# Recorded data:
───
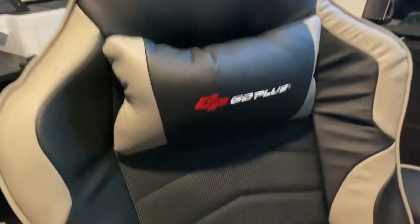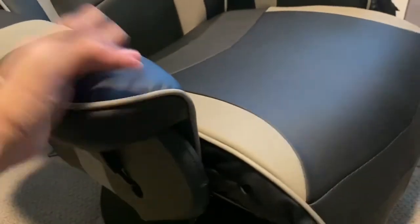So here's your Go Plus chair review from Costway.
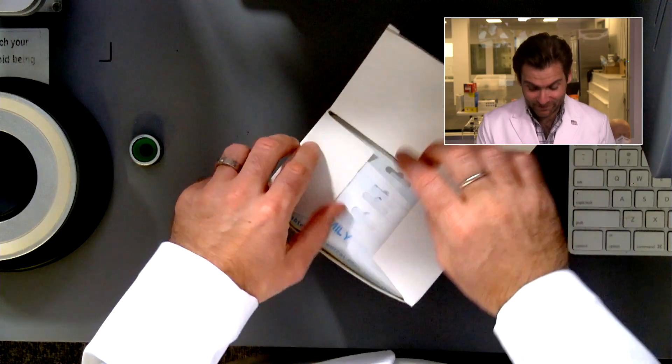Hey everyone, welcome back to the place where we're testing every single mask on Amazon, including — paging Dr. Family, Dr. Family, we have your masks. We need to test them. Let's put these masks in the clamper and see what happens.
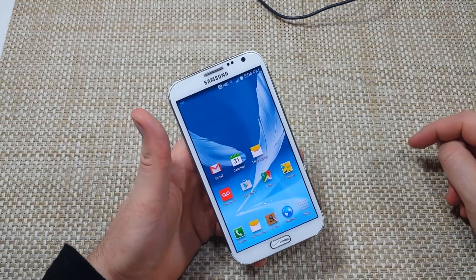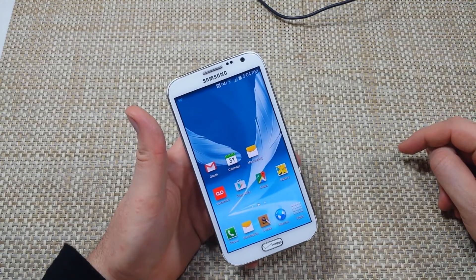This is a quick informational video. I got a Samsung Galaxy Note 2. I'm going to show you how to take a screenshot.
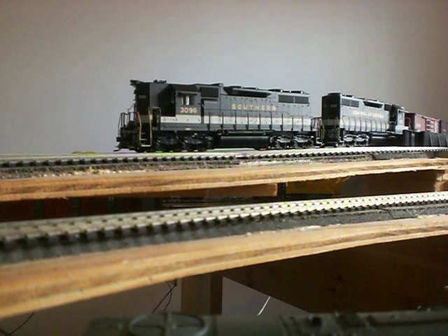I installed a Digitrax SDH164D sound FX decoder in this unit. It came standard with an SD38 sound. I subsequently had a GP38 sound I liked better downloading into it. The other day at my model train club, my good friend was able to download the SD40-2 sound, which is even much better because it has the turbo sound in it. I know the SD35 had a 567 turbo and the SD40-2 had the 645 turbo, but I like the sound much better in this SD35 with the turbo kicking in.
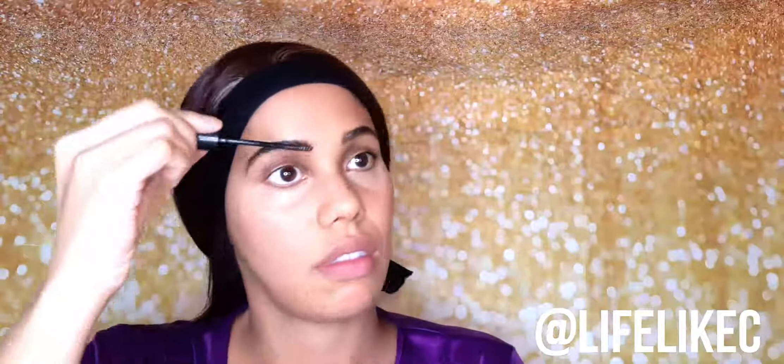Now you already know I'm super thorough with my brow process, so once I've penciled in my brows I like to go over them with a clear gel — this one is from Barry M and I got it on Amazon. It's really great for just setting your brows in place and making sure none of those little bad boys fly away.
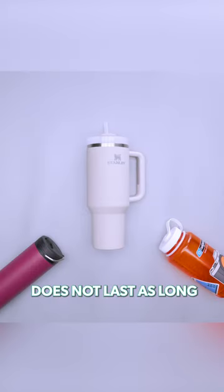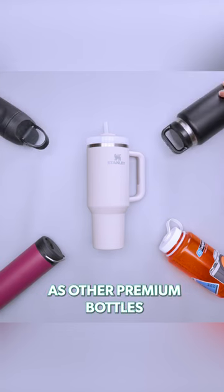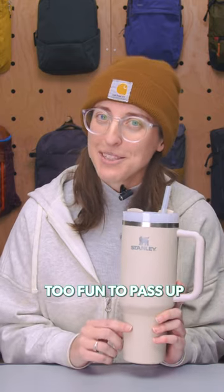Last, we've noticed that the insulation does not last as long as other premium bottles. But, let's be honest, it might be a little too fun to pass up.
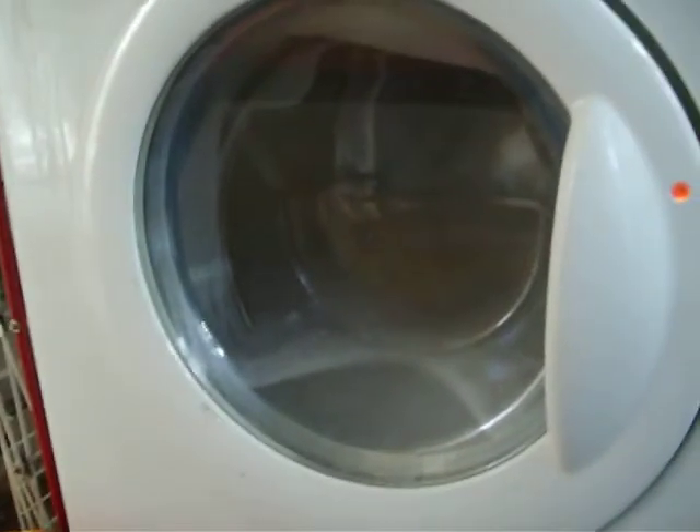Oh no! What? It's spilling out the drawer. Look carefully. Oh no! Oh goodness me! No! That's what happens when you do a very high water level on the service cycle.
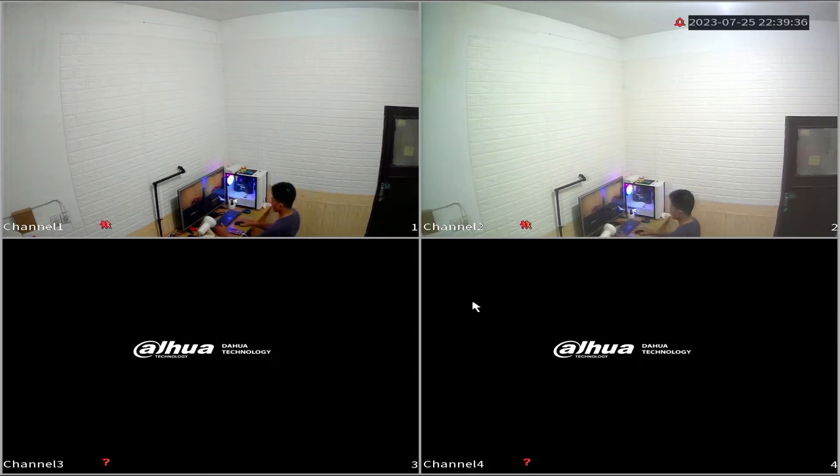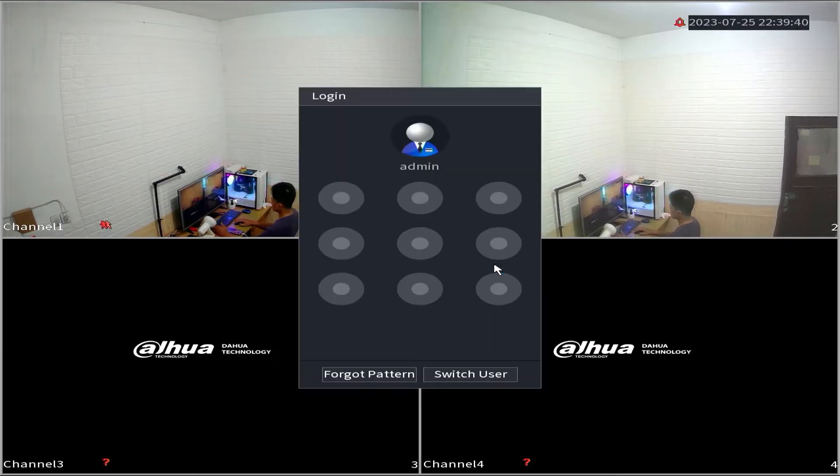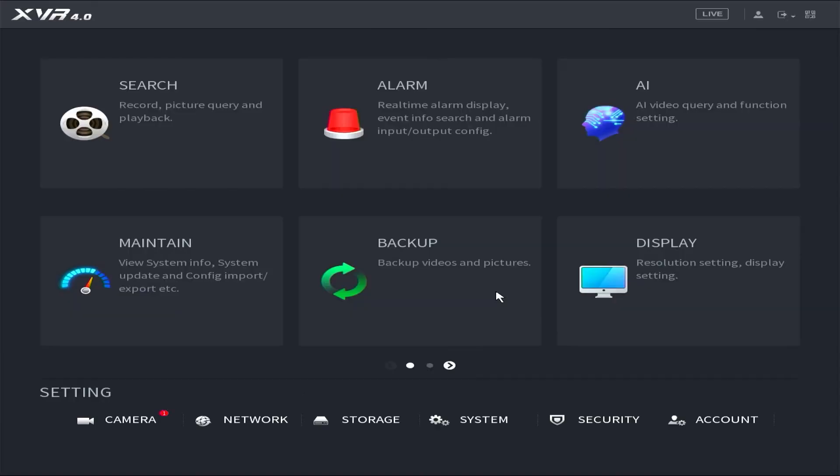First, access the DVR menu by right-clicking on the monitor screen and selecting the Main Menu option. Enter the password or pattern when prompted.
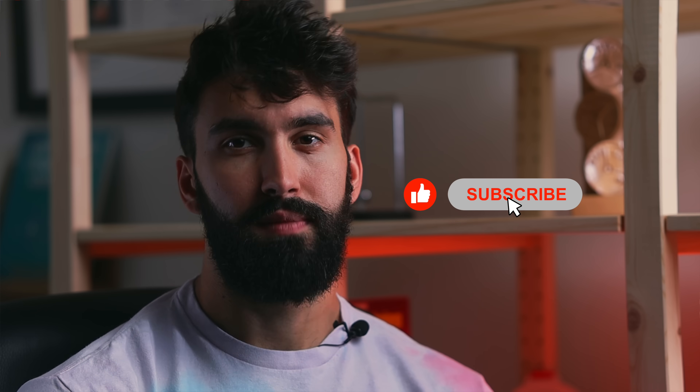Me and my team are working really hard on these videos to bring you the best information in the most easily digestible and entertaining manner possible. So like the video and subscribe. Thank you so much. Dr. Milo Wolff, Wolff Coaching. Have a great day.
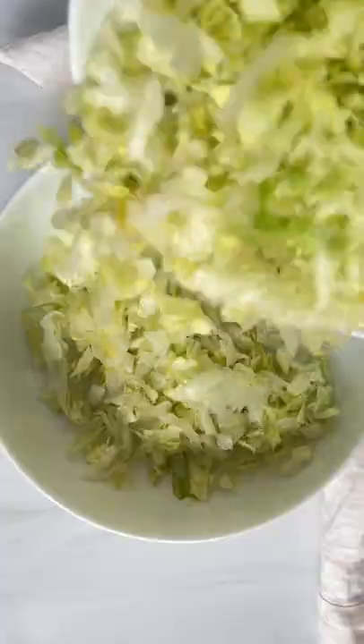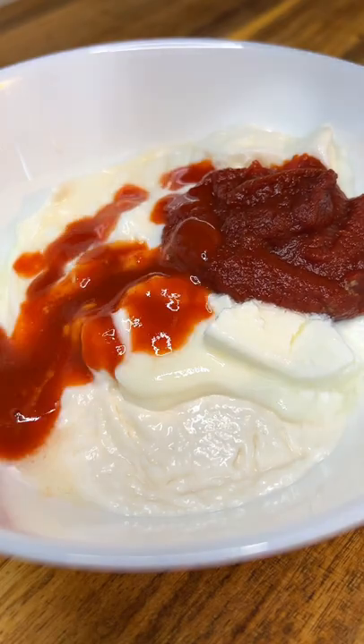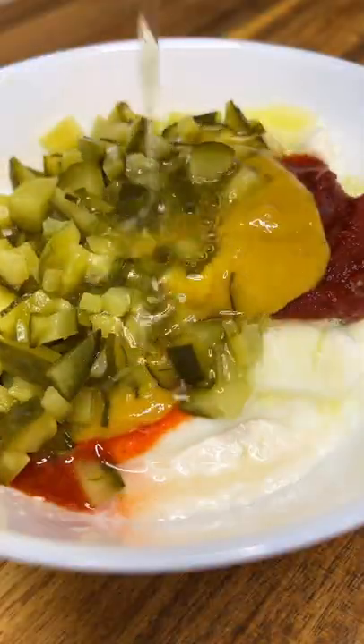Slice and dice your iceberg and put it in a bowl. For the sauce we have mayo, sour cream, yogurt, tomato paste, sriracha, honey Dijon mustard. Slice and dice your pickles, add them in with some pickle juice and give it a stir.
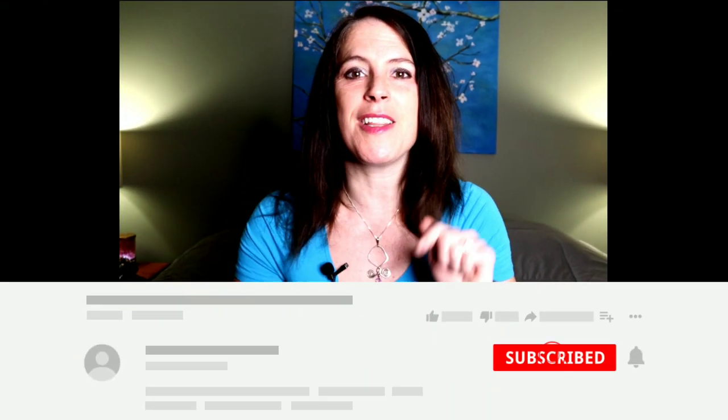Hey guys, welcome back to my channel. If this is the first time you're here, my name is Tara. Today we are making beef gyros — super easy, super delicious, and you guys are going to absolutely love it. If you have not already, I would love for you to be a part of this community by hitting the red subscribe button below and clicking the bell icon so you're notified each time I post a new video. If you're ready to make these super delicious gyros, smash that like button and let's jump right into the video.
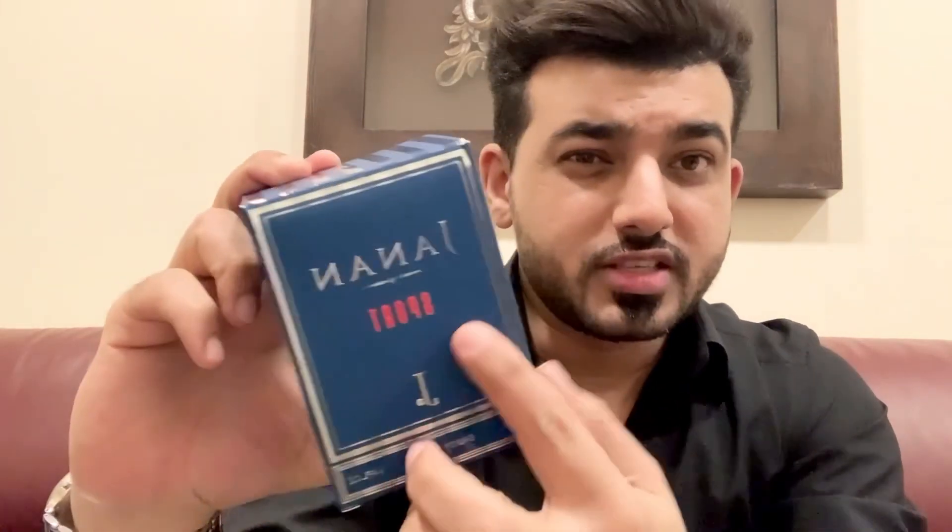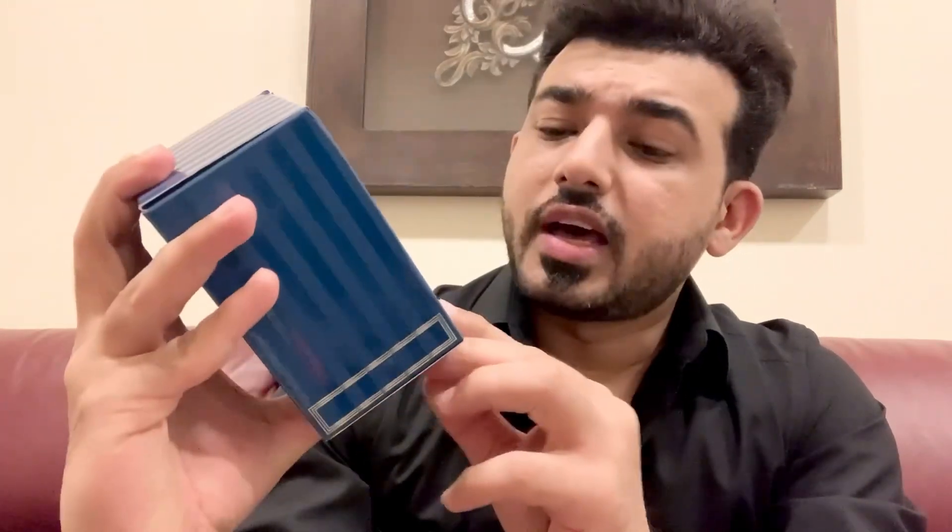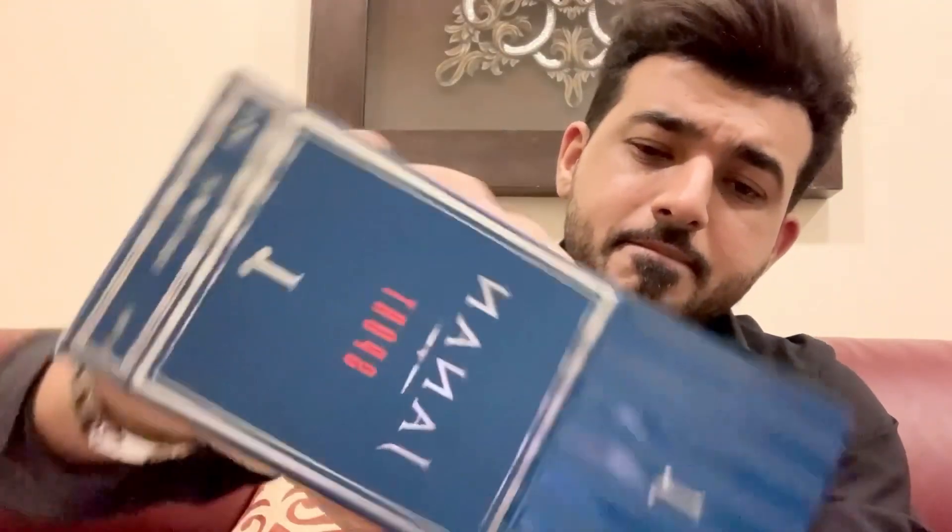The box is really nice — it's a bit shiny on the sides and the front has a bit of a smooth matte finish. This is an Eau de Parfum and this is 100ml.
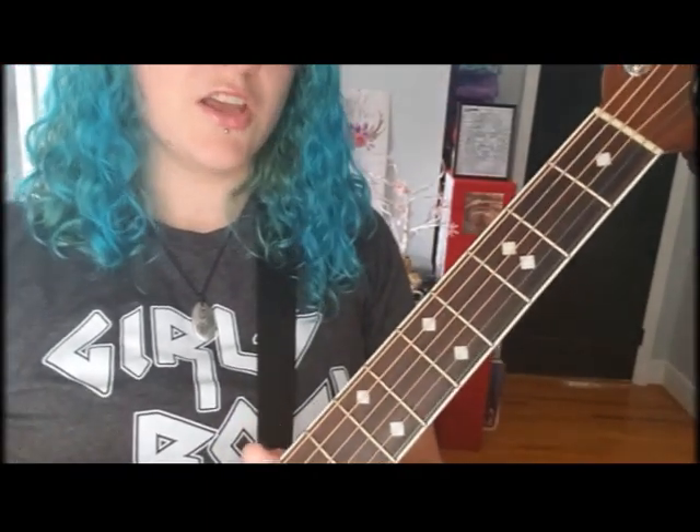Hey everyone, I'm Crystal Baller and I'm gonna show you how to play 'Hand in My Pocket' by Alanis Morissette in five minutes. Let's do this! The first chord you're gonna learn is a G chord.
───
# THE TASK:
Copy nothing but the lines above from the one with "First, access the" to the one with "Slice and dice your iceberg", inclusive, word for word. Leave every picture out.

# THE ANSWER:
First, access the DVR menu by right-clicking on the monitor screen and selecting the Main Menu option. Enter the password or pattern when prompted.
Me and my team are working really hard on these videos to bring you the best information in the most easily digestible and entertaining manner possible. So like the video and subscribe. Thank you so much. Dr. Milo Wolff, Wolff Coaching. Have a great day.
Slice and dice your iceberg and put it in a bowl. For the sauce we have mayo, sour cream, yogurt, tomato paste, sriracha, honey Dijon mustard. Slice and dice your pickles, add them in with some pickle juice and give it a stir.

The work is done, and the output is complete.